[[ Recorded information, beginning ]]

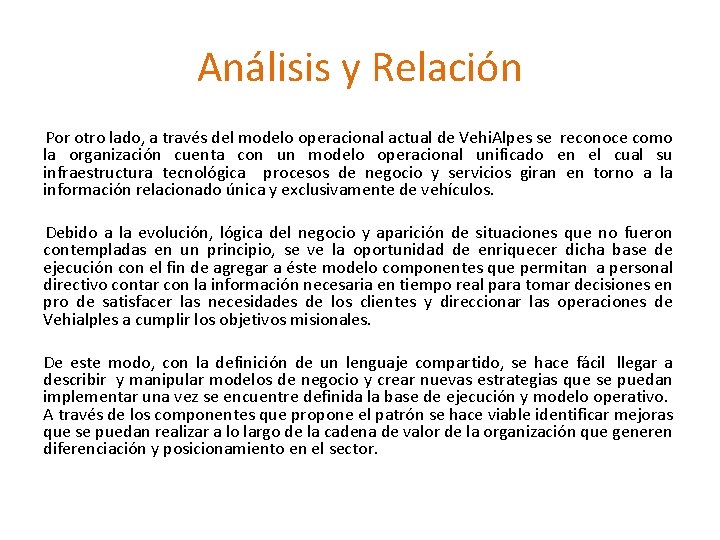 Análisis y Relación Por otro lado, a través del modelo operacional actual de Vehi.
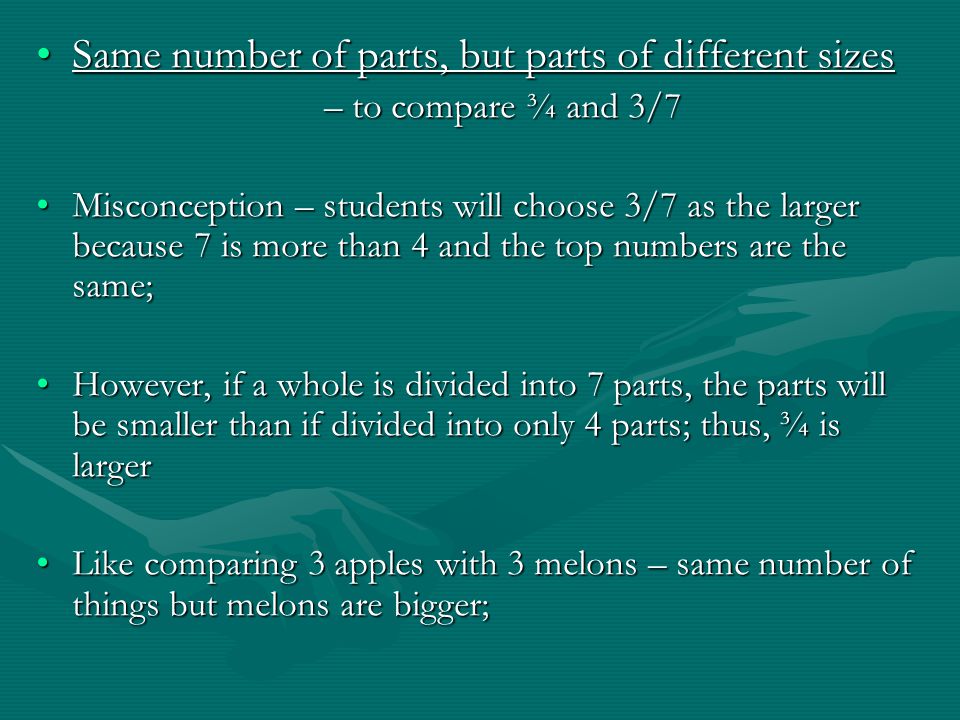 Same number of parts, but parts of different sizesSame number of parts, but parts of different sizes – to compare ¾ and 3/7 Misconception – students will choose 3/7 as the larger because 7 is more than 4 and the top numbers are the same;Misconception – students will choose 3/7 as the larger because 7 is more than 4 and the top numbers are the same; However, if a whole is divided into 7 parts, the parts will be smaller than if divided into only 4 parts; thus, ¾ is largerHowever, if a whole is divided into 7 parts, the parts will be smaller than if divided into only 4 parts; thus, ¾ is larger Like comparing 3 apples with 3 melons – same number of things but melons are bigger;Like comparing 3 apples with 3 melons – same number of things but melons are bigger;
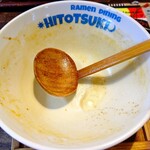 Ramen Shokudou Hitotsuki - 【2022.5.28(土)】スープを全部飲み干しました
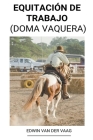 Equitación de Trabajo (Doma Vaquera) By Edwin Van Der Vaag Cover Image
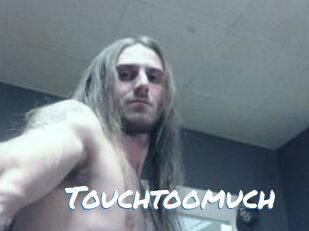 Touchtoomuch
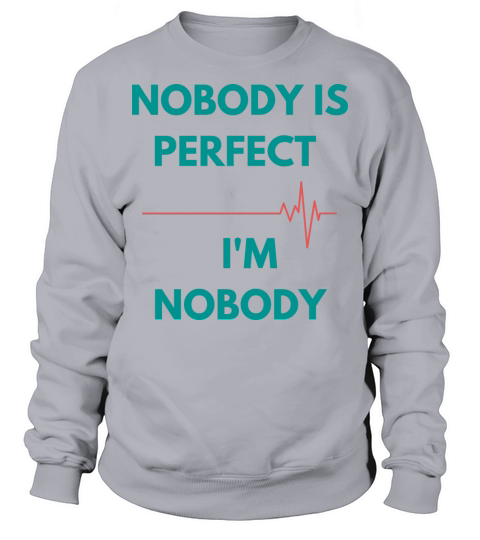 NOBODY IS PERFECT IM NOBODY Sweatshirt Unisex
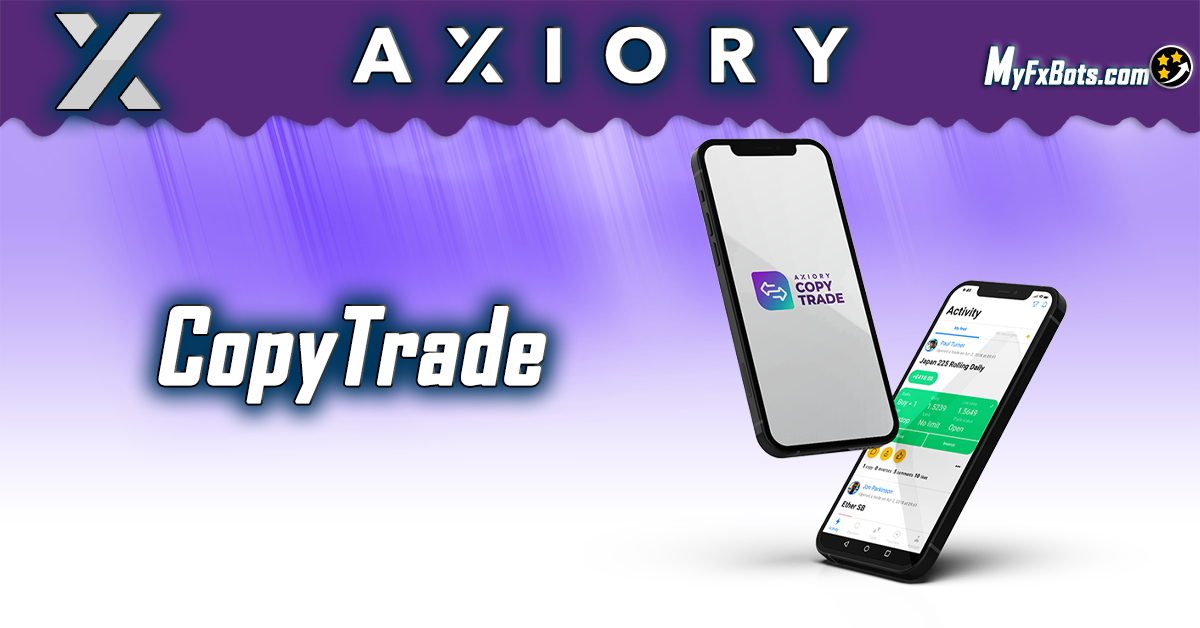 Axiory CopyTrade is Here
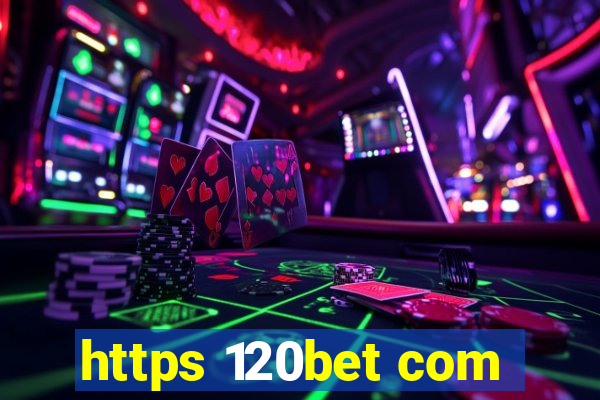 https 120bet com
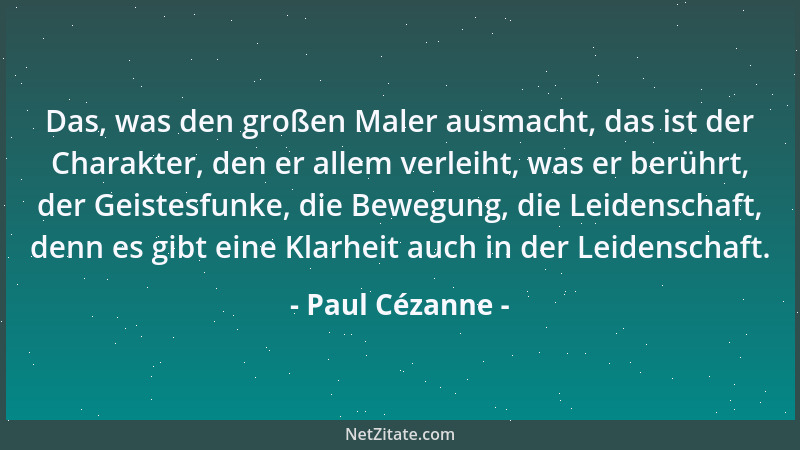 Paul Cézanne - Das, was den großen Maler ausmacht, das ist der Charakter, den er allem verleiht, was er berührt, der Geiste...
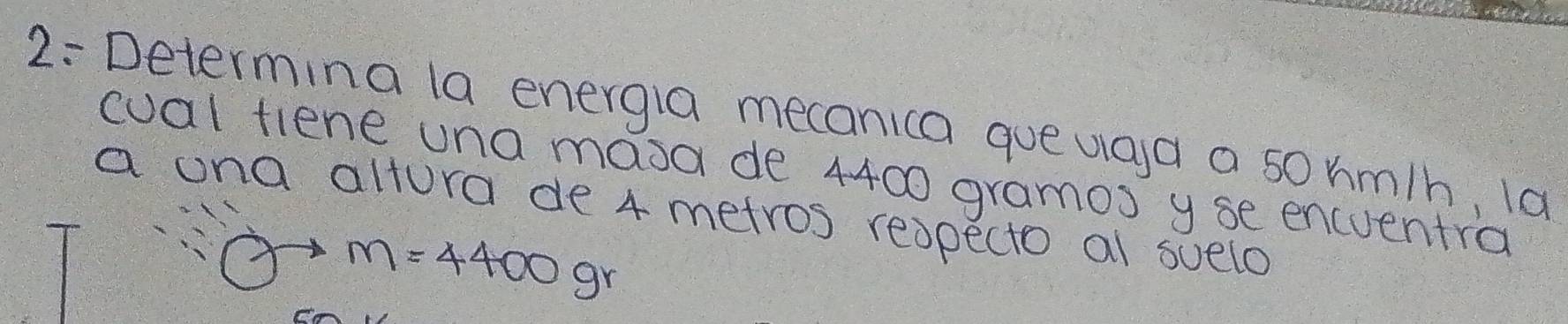 2- Determina la energia mecanica queuga a sorm/h, la 
cual fiene una masa de 4400 gramos y se encuentra 
a ona altura de 4 metros reopecto al suelo
m=4400gr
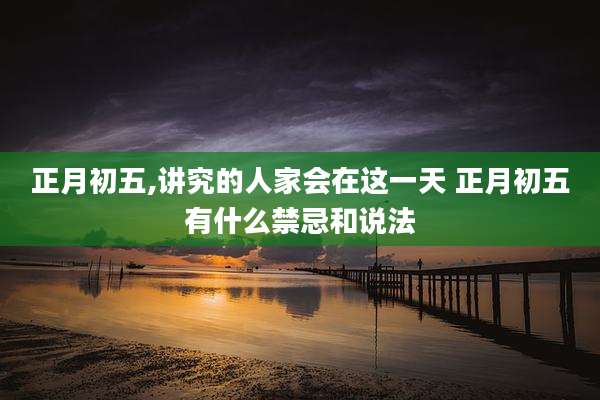 正月初五,讲究的人家会在这一天 正月初五有什么禁忌和说法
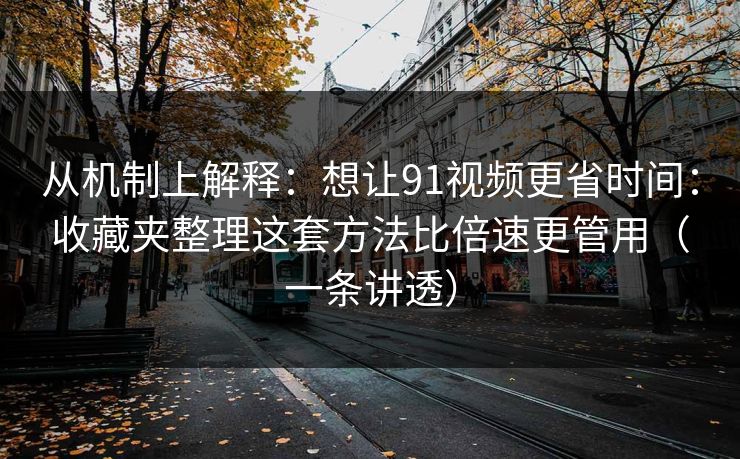 从机制上解释:想让91视频更省时间:收藏夹整理这套方法比倍速更管用(一条讲透) 从机制上解释:想让91视频更省时间:收藏夹整理这套方法比倍速更管用(一条讲透)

[[ Recorded information, end ]]

Exercise description:
With the pictures left out, copy exactly the lines from the one containing "a ona altura de 4 metros reopecto al suelo" through the last line of the data.

Exercise output:
a ona altura de 4 metros reopecto al suelo
m=4400gr
 正月初五,讲究的人家会在这一天 正月初五有什么禁忌和说法
 从机制上解释:想让91视频更省时间:收藏夹整理这套方法比倍速更管用(一条讲透) 从机制上解释:想让91视频更省时间:收藏夹整理这套方法比倍速更管用(一条讲透)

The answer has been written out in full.